The DP World Tour has teamed up with a crypto firm, Nexo, which is also sponsoring the new event played this week at Donald Trump’s Aberdeen course in Scotland, to award a cash prize to players who set a course record in any round on the circuit.
If you have a chance this weekend, tune into Golf Channel’s coverage of the US Women’s Am out at Bandon Dunes. The place just looks incredible on TV. I was supposed to visit for the first time in April 2020, and then the world fell apart. Still haven’t made it there. One day!
What a small world
I’m down in South Carolina for a bit, visiting some family here in Myrtle Beach.
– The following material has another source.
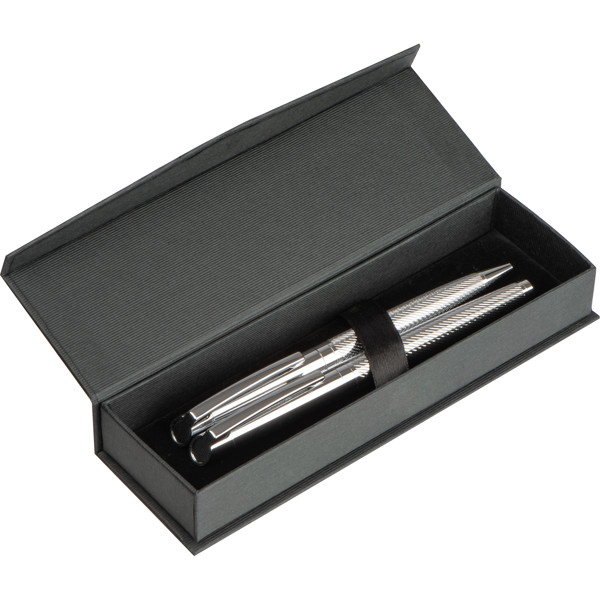 Metal writing set BERNARD - Silvergrey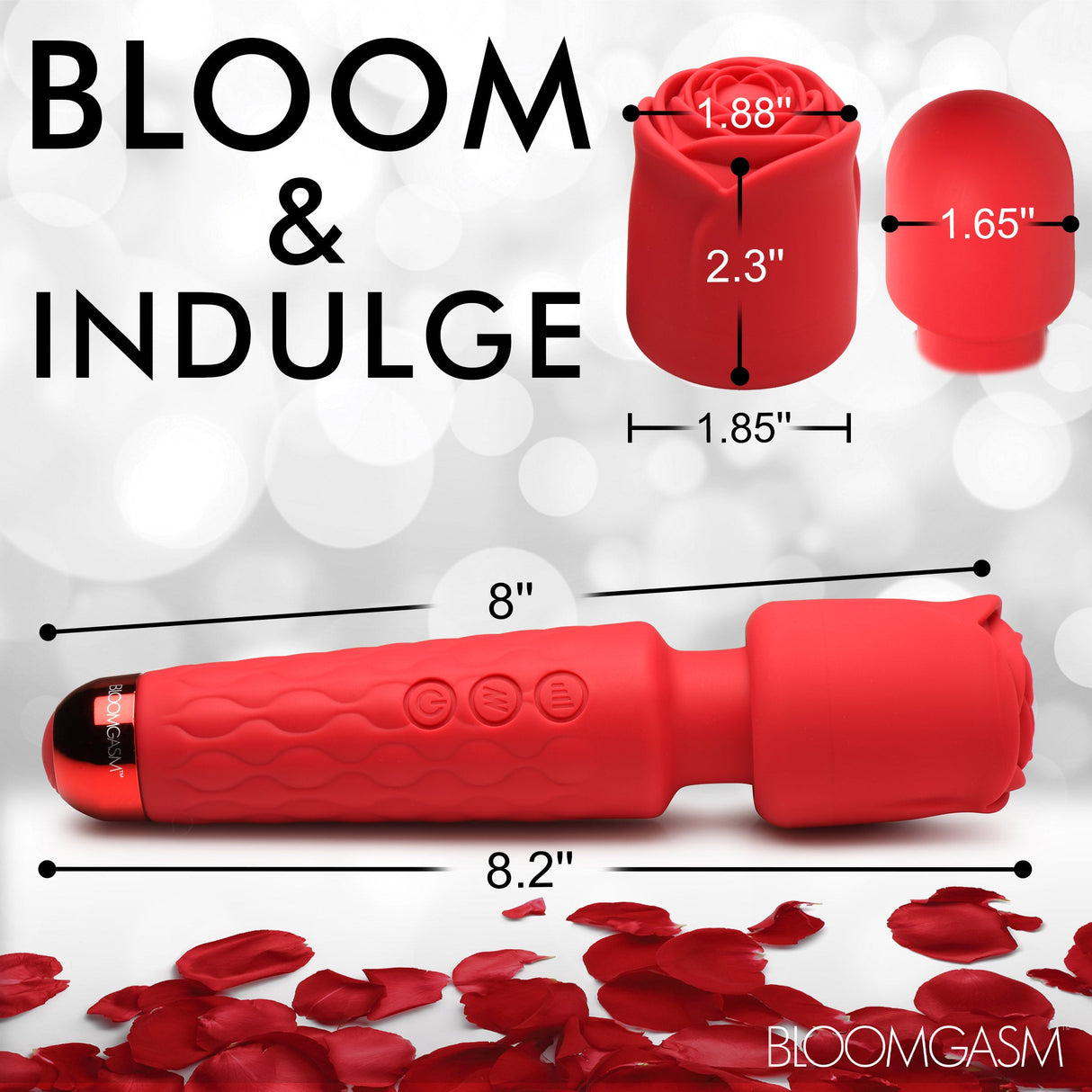 Pleasure Rose 10X Silicone Wand w/ Rose Attachment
As it turned out, one of my in-laws’ best friends’ sons was in town with his family at the same time. So, we decided to tee it up. We wound up at Grande Dunes’ Member Course, a fun course I hadn’t yet played.
When we checked in, we were told a single had booked up to join us. You never know what you’re going to get with a single, and we were kind of surprised someone latched on at the last minute. But we’d make it work.
Turns out, the guy, who was a total stranger to us, went to high school with my mother-in-law and splits time between Myrtle Beach and a place about 20 minutes from my house. I know that Myrtle Beach is a magnet to East Coasters, but c’mon. He was a great guy, and we had a fabulous time.
Not too long ago, there was some very online discussion from some bro-golf podcast that lamented getting paired up with a random single at the golf course. Truly, it’s one of my favorite things about the game. I owe my life to golf in a lot of ways. I’ve met countless people and formed lifelong relationships with them because we spent 4 or 5 hours together on a golf course. My in-laws pretty much collectively love golf, and being part of their annual golf trip for the last two-ish decades has brought so much joy.
Knowingly or not, it takes a lot of guts to put yourself out there for public consumption and play golf with strangers. Doing it well, making friends and growing as a person in the process is a skill that can pay off in spades, either personally, professionally or both.
I realize that not everyone is so inclined to go a new place and meet new people and find that to be a good time. But if you can do it, you’ll be all the richer for it.